Yrikka’s Text-to-Model framework treats model training as an engineering loop: propose, run, measure, and iterate. The multi-agent framework, FORGE (Fine-tuning Orchestrator for Robust Generalization and Evaluation) launches candidate model backbones (e.g., YOLOv11, DETR, Faster R-CNN), tunes hyperparameters, blends synthetic with any real data you provide, and evaluates models with the Yrikka APEX API. APEX (Adversarial Probing & Evaluation of Exploits) automates model eval and red-teaming [7], enabling optimization against scenario‑matched metrics rather than global averages.

5. Operational impact

With data generation and training automated end-to-end, here’s what that translates to for your team:

Scenario-matched data on demand. Synthetic multi-modal datasets tailored to your optics, environments, and long-tail edge cases that are already labeled and filtered.
Candidate models, ranked for your use case. Multiple models trained on synthetic (and real data if available), and ranked based on condition-matched benchmarks.
Trustworthy evaluation and governance. APEX-powered metrics, red-teaming results, and a clear model card (data blend, assumptions, known failure modes).
Integration-ready artifacts. Weights, an inference script, and a brief report; streamlining model deployment for edge devices or cloud environments.
Time and cost compression. Iteration cycles drop from weeks to minutes.

6. How it works

Specification. The user provides a natural-language task description, e.g., “Detect cars and people in heavy snow in urban areas and highway environment”, and, optionally, a few reference images.
Domain adaptation. The framework calibrates to the user’s optics, sensor characteristics, textures, and operating conditions.
Programmatic coverage and labeling.
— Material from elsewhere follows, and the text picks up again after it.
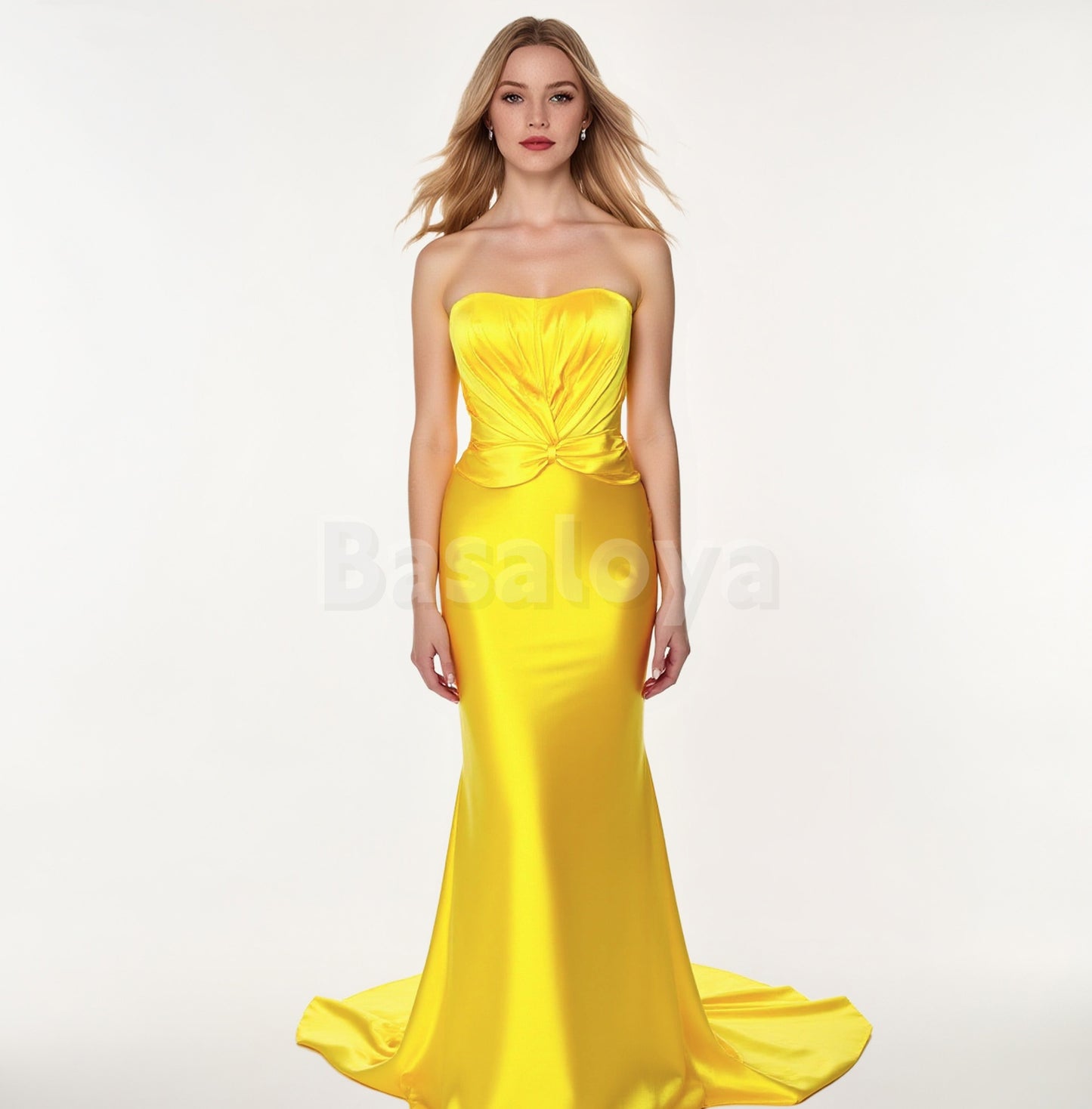 SP0239 Stunning Bow Gold Strapless Sheath Prom Dress Evening Gown with Train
Diverse scenarios including long-tail conditions are synthesized and labeled at generation time. The generated data is filtered to exclude low-quality or out-of-scope samples.
Candidate training and tuning. Multiple model families are trained and tuned against user-specified constraints (e.g., accuracy, latency, model size, SWaP).

‍

7. Case study

Adverse weather remains one of the most persistent challenges in autonomous perception. Snow, fog, and rain degrade visibility, distort textures, and confuse models trained predominantly on clear-day imagery. These conditions account for a significant portion of real-world failures in automated driving systems (ADS) and autonomous vehicles (AVs). Yet collecting such data is logistically demanding. It often requires travel to specific regions or seasons, specialized sensors, and safety-constrained operations in difficult conditions.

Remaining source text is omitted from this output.